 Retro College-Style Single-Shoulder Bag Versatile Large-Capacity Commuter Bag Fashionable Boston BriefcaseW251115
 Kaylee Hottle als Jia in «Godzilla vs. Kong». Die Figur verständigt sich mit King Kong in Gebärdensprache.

━━━━━━━━━━━━━━━━━━━━

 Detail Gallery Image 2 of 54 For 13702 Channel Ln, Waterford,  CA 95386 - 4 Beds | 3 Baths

━━━━━━━━━━━━━━━━━━━━

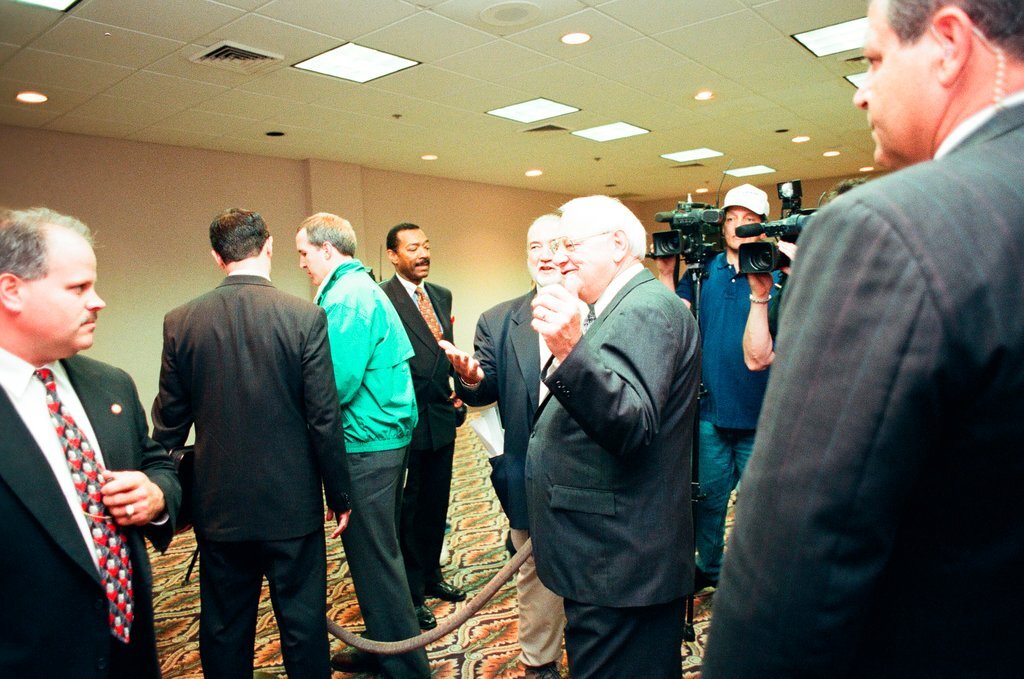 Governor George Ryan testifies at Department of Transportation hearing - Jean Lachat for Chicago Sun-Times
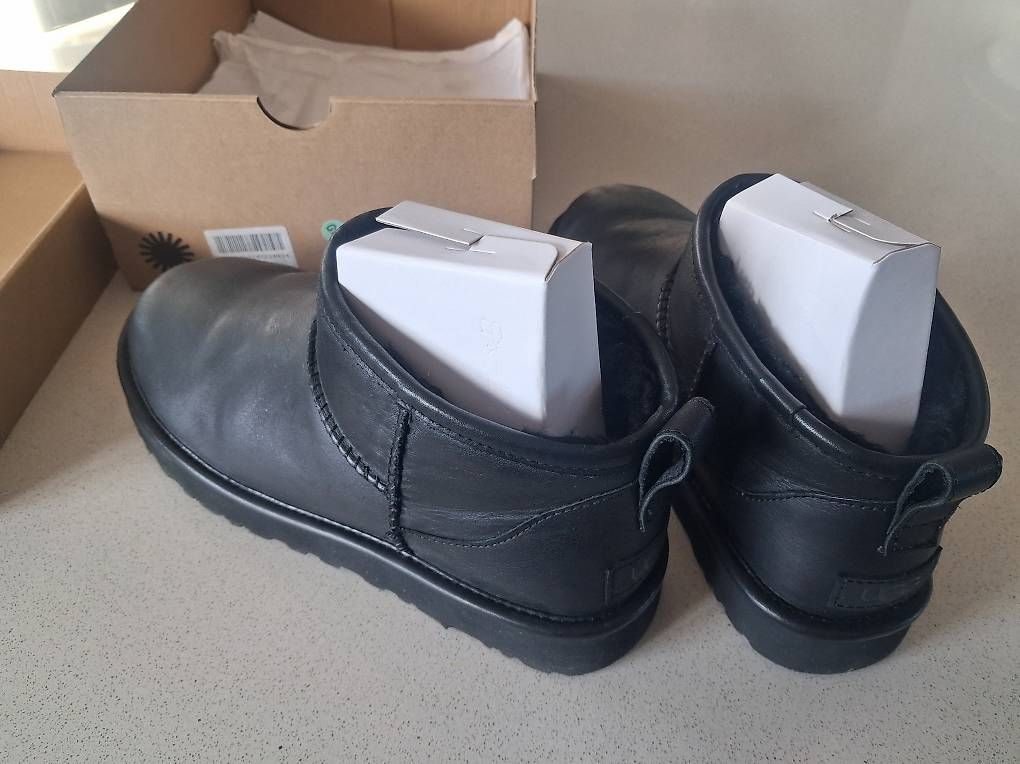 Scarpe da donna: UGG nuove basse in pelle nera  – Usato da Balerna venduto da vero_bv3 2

━━━━━━━━━━━━━━━━━━━━

▶ EXERCISE AIM:
From the records above, print only the lines between the one holding "Retro College-Style Single-Shoulder" and the one holding "Kaylee Hottle als", inclusive, exactly as they stand.

▶ ANSWER TO THIS EXERCISE:
 Retro College-Style Single-Shoulder Bag Versatile Large-Capacity Commuter Bag Fashionable Boston BriefcaseW251115
 Kaylee Hottle als Jia in «Godzilla vs. Kong». Die Figur verständigt sich mit King Kong in Gebärdensprache.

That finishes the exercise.